2.3 Product Features and Opinions

Much work has been done on the task of mining product reviews, where the goal is to identify features of specific products (such as picture, zoom, size, weight for digital cameras) and opinions about these specific features in user reviews. Liu et al. [15] describe a system that identifies such features via rules learned from a manually annotated corpus of reviews; opinions on features are extracted from the structure of reviews (which explicitly separate positive and negative opinions). Popescu and Etzioni [23] present a method that identifies product features for using corpus statistics, WordNet relations and morphological cues. Opinions about the features are extracted using a hand-crafted set of syntactic rules. Targets extracted in our method for a topic are similar to features extracted in review mining for products. Topics in our setting go beyond concrete products; the diversity and generality of possible topics makes it difficult to apply such supervised or thesaurus-based methods to identify opinion targets. Moreover, we directly use associations between targets and opinions to extract both.

2.4 Sentiment Retrieval

At TREC, the Text REtrieval Conference, there has been interest in a specific type of sentiment analysis: opinion retrieval. This interest materialised in 2006 [21], with the opinionated blog post retrieval task. Finding blog posts that are not just about a topic, but also contain an opinion on the topic, proves to be a difficult task [27,28]. Performance on the opinion-finding task is dominated by performance on the underlying document retrieval task (the topical baseline). Opinion finding is often approached as a two-stage problem: (1) identify documents relevant to the query, (2) identify opinions. In stage (2) one commonly uses either a binary classifier to distinguish between opinionated and non-opinionated documents or applies reranking of the initial result list using some opinion score. Opinion add-ons show only slight improvements over relevance-only baselines. The best performing opinion finding system at TREC 2008 is a two-stage approach using reranking in stage (2) [14]. The authors use SentiWordNet and a corpus-derived lexicon to construct an opinion score for each post in an initial ranking of blog posts. This score is combined with the relevance score, and posts are reranked according to this new score. We detail this approach in Sect. 20.6. Later, the authors use domain-specific opinion indicators [20], like “interesting story” (movie review), and “light” (notebook review). This domain-specific lexicon is constructed using feedback-style learning: retrieve an initial list of documents and use the top documents as training data to learn an opinion lexicon. Opinion scores per document are then computed as an average of opinion scores over all its words. Results show slight improvements ( + 3 %) on mean average precision.
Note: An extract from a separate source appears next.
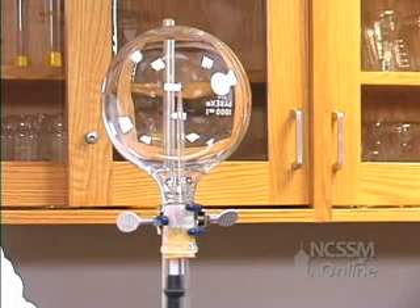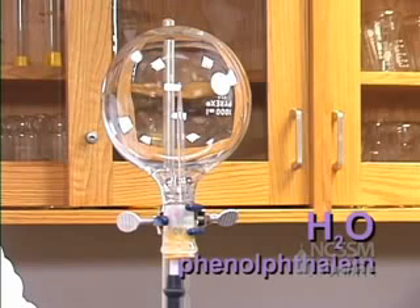We filled a one liter round bottom flask with ammonia gas. We're going to put in a medicine dropper that's sealed with a little bit of grease. The medicine dropper contains a small amount of water and phenolphthalein, which is an acid-base indicator.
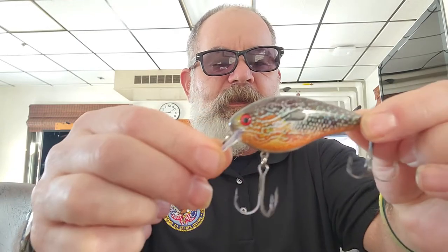Then they get a crankbait — a two-to-five foot diver. It's a KVD 2.5 in pumpkin seed color. Color is very important. Then we have a Bandit 100, a smaller profile — something they can catch crappie on.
3 Generating Topic-Specific Lexicons

In this section we describe how we generate a lexicon of subjectivity clues and targets for a given topic and a list of relevant documents (e.g., retrieved by a search engine for the topic). As an additional resource, we use a large background corpus of text documents of a similar style but with diverse subjects; we assume that the relevant documents are part of this corpus as well. As the background corpus, we used the set of documents from the assessment pools of TREC 2006–2008 opinion retrieval tasks (described in detail in Sect. 20.4). We use the Stanford lexicalised parser Footnote 1to extract labeled dependency triples (head, label, modifier ). In the extracted triples, all words indicate their category (noun, adjective, verb, adverb, etc.) and are normalised to lemmas. Figure 20.1 provides an overview of our method; below we describe it in more detail.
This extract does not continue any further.